Automation of Vulnerability Information Extraction Using Transformer-Based Language Models

Fateme Hashemi Chaleshtori, Indrakshi Ray

Published: 01 Jan 2022, Last Modified: 18 Jun 2024CyberICPS/SECPRE/SPOSE/CPS4CIP/CDT&SECOMAN/EIS/SecAssure@ESORICS 2022EveryoneRevisionsBibTeXCC BY-SA 4.0

Abstract: Identifying and mitigating vulnerabilities as rapidly and extensively as possible is essential for preventing security breaches. Thus, organizations and companies often store vulnerability information, expressed in natural language, and share them with other stakeholders. Disclosure and dissemination of this information in a structured and unambiguous format in a timely manner is crucial to prevent security attacks. Many existing automated vulnerability information extraction techniques use rule-based strategies like Pattern Matching and Part-of-Speech Tagging, and Machine Learning models built on Conditional Random Fields (CRF). There are also hybrid models that integrate NLP and pattern recognition to create semi-automated systems.

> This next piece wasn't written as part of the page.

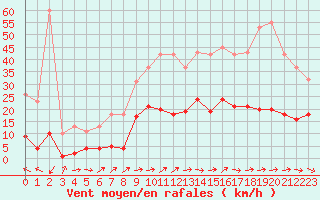 Courbe de la force du vent pour Marseille - Saint-Loup (13)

We propose an alternative approach using Transformer models, including BERT, XLNet, RoBERTa, and DistilBERT, which have been shown to have promising performance in many NLP downstream tasks such as for Named Entity Recognition (NER) and Co-reference Resolution in an end-to-end neural architecture. We fine-tune several language representation models similar to BERT, on a labeled dataset from vulnerability databases, for the task of NER so that we can automatically extract security-related words and terms and phrases from descriptions of the vulnerabilities. Our approach allows us to extract complex features from the data without requiring feature selection, thus eliminating the need for domain-expert knowledge. It also outperforms the CRF-based models. Additionally, it is able to detect new information from vulnerabilities whose description text patterns differ from those specified by rule-based systems.